Team Spur’s Ariane Lüthi and Githa Michiels and a resurgent Ascendis Health’s Sabine Spitz and Robyn de Groot fought a race-long battle for the runner up spot. Although both teams spent time chasing their rivals, the positions on the bottom steps of the podium were decided on a sprint with Lüthi and Michiels claiming second, also for the fourth day in a row.
The vanquished pair from Tuesday’s sprint, Mariske Strauss and Annie Last (Silverback-KMC), had a tough day on Wednesday and finished a distant fourth. Strauss and Last are still third overall, but are now 12 minutes behind the Spur duo, and just seven minutes ahead of Ascendis Health, meaning the dice for the third step of the final overall podium is still far from finalised ahead of the final four days’ racing.
Despite their dominant performance over the Prologue and first three stages, Langvad and Courtney know they can take nothing for granted, and the dramas they negotiated on Wednesday proved their point.
“The thing about this terrain is that it is so rough and you can have mechanicals,” said Langvad. “Even on paper it looks like a comfortable lead but you still need to perform solidly because it is so unpredictable and a lot of things can happen out there.
“Today there was some traffic with the guys who started ahead of us, both at the beginning and here near the end,” added the four-time World Champion when talking about the masters and grand masters riders who start five minutes ahead of the UCI Women’s batch.
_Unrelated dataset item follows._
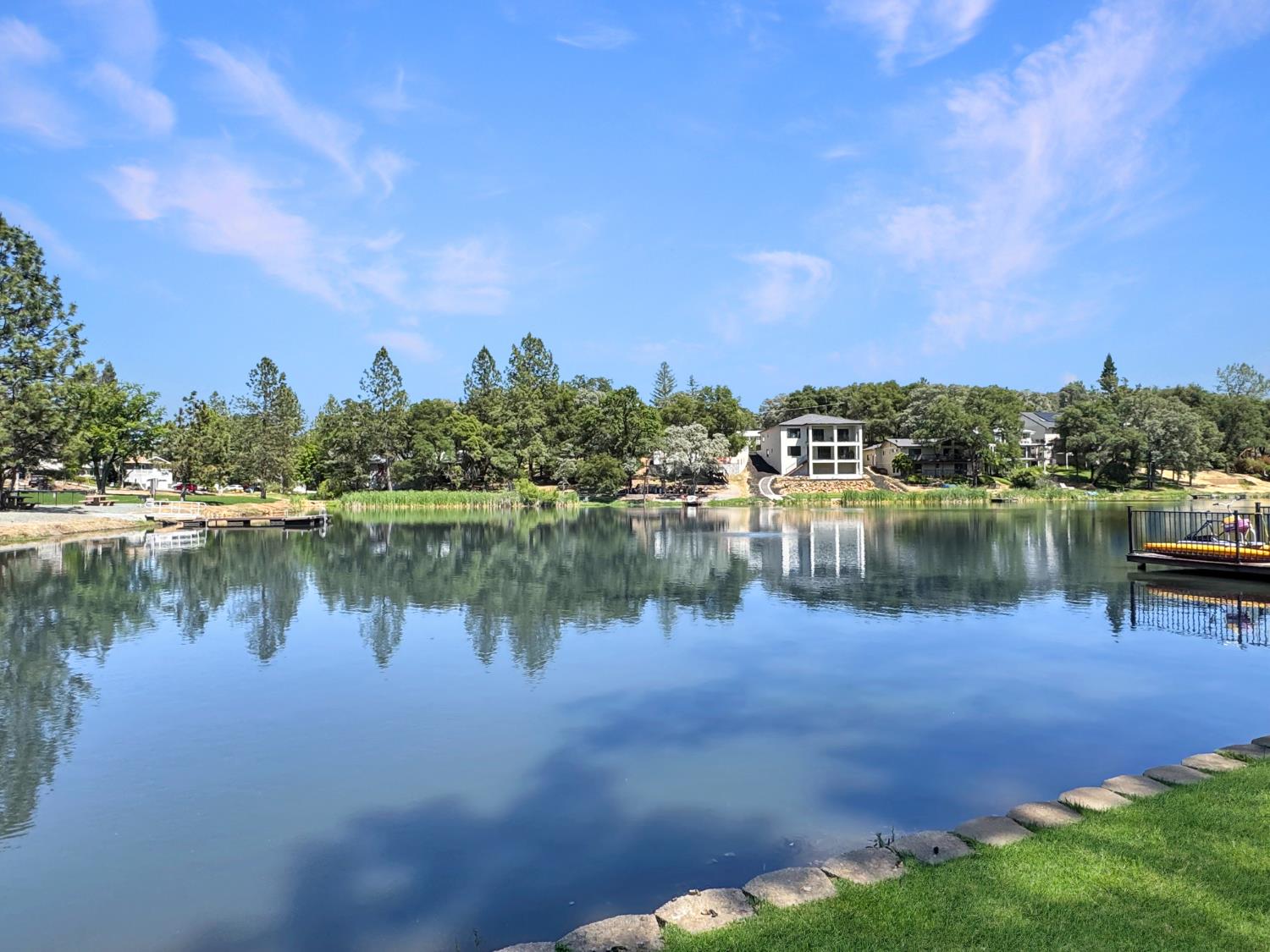 Detail Gallery Image 1 of 23 For 11869 Lakeshoren N., Auburn,  CA 95602 - 3 Beds | 2 Baths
“Because of the format, there are guys out there on the course and in the beginning they were a little bit in our way and we had to yell to get them to get out of our way.
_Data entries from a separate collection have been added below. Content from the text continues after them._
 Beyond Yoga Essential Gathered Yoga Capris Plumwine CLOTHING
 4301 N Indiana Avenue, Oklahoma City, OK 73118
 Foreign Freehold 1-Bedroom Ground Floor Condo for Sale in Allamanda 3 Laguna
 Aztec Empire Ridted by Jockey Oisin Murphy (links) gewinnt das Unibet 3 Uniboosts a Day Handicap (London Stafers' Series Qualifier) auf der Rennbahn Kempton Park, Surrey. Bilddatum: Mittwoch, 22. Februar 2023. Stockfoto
“And then again near the finish it turned a bit sandy and we wanted to overtake one guy and he just stood still … and we both went flying,” said Langvad, indicating herself and her partner.
Their cautious view was backed up by a very happy five-time race winner Christoph Sauser, who is mentoring both the men’s and women’s Investec Songo Specialized teams that are now both wearing their respective race-leaders jerseys.
“It is never wrapped up in the Absa Cape Epic. Physically Kate has never done eight days but at least now they do not have to go full gas every day. They just need to try to make up some time at the end of each stage, and if they do not make up time, or even lose a little, as they say it is still a winning day.
“It is good we have both teams in yellow with quite a bit of time but everything can be put upside down very quickly – you only borrow the jersey on this race.”
Courtney was once again full of praise for her far more experienced partner, giving her lots of the credit for just finishing:
“That was a really tough day. As a cross-country rider, and a newbie to the race and the stage racing game, 120 kilometres was a lot for me. Luckily for me, Annika, while she is such a champion, is also a great team player and she helped a lot. She took care of me and made sure I stayed within my limit, then when I was over my limit I got to ride the Annika Express home.
“That allows us to maximise our strengths, get time on the climbs … and allows me to finish!”
In the race for the inaugural Absa African Women’s special jersey, Candice Lill and Amy Beth McDougall (dormakaba) consolidated their already impressive lead. Although McDougall has not been 100% healthy, it seems like only a disaster will rob them of the title. They lead by just under an hour with 14-time race finisher Hannele Steyn and extraordinary ultra-distance athlete Jeannie Dreyer (Nolands Spar) second with Nadia Visser and Katie Lennard (Western Girls) third.